TASK DETAILS -
Set down the lines below, exactly, starting at the one that contains "كيه سورنتو 2017" and stopping at the last line, inclusive. Omit pictures.

Brief descriptive captions -
★ ★ ★ ★

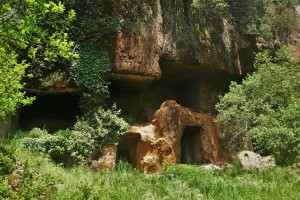 1920px-Tombe_a_portico_(VI-V_sec._a.C.)_presso_il_Parco_Regionale_Marturanum_-_Barbarano_Romano_-_VT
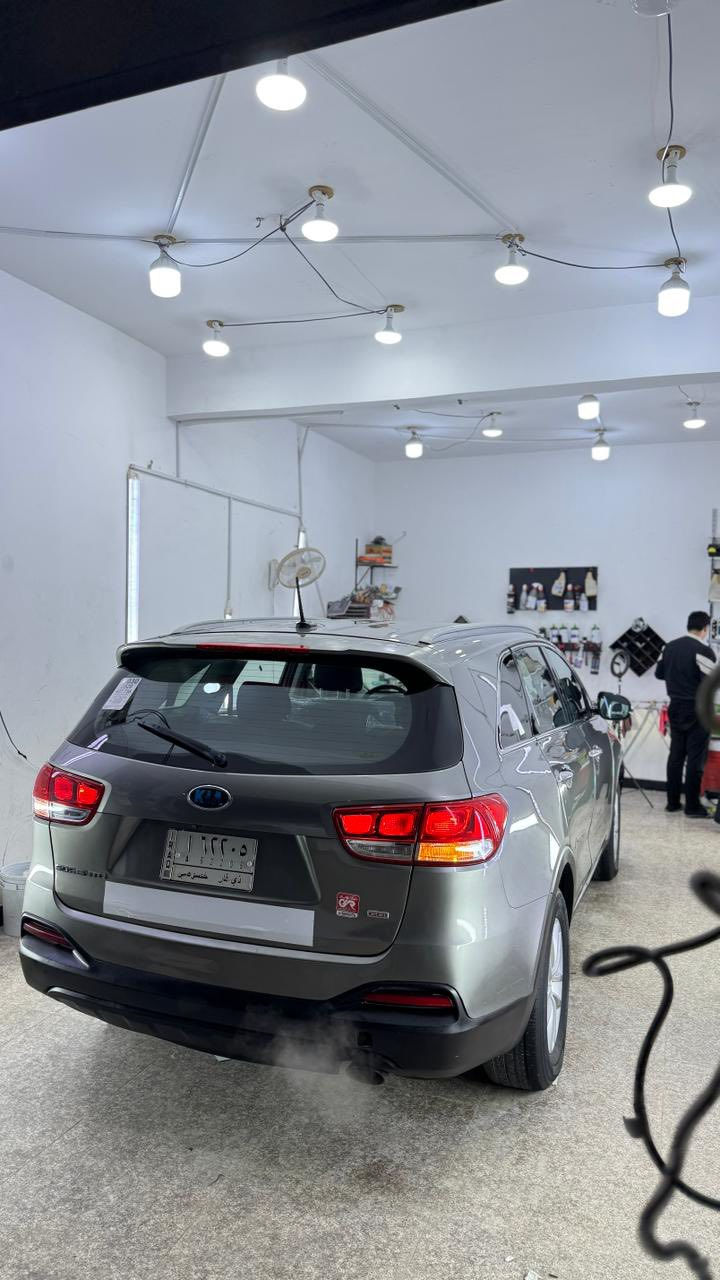 كيه سورنتو 2017              محرك 2400.                              حره كامله سياره انشاء الله مكاني ذي قار مركز 
*********** 
السعر 158
الشراي يتصل متوفر واتساب 
السياره تقرير تعمل وتسير وكل تفاصيل موجود داخل الصور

★ ★ ★ ★

RESPONSE TO THE EXERCISE -
 كيه سورنتو 2017              محرك 2400.                              حره كامله سياره انشاء الله مكاني ذي قار مركز 
*********** 
السعر 158
الشراي يتصل متوفر واتساب 
السياره تقرير تعمل وتسير وكل تفاصيل موجود داخل الصور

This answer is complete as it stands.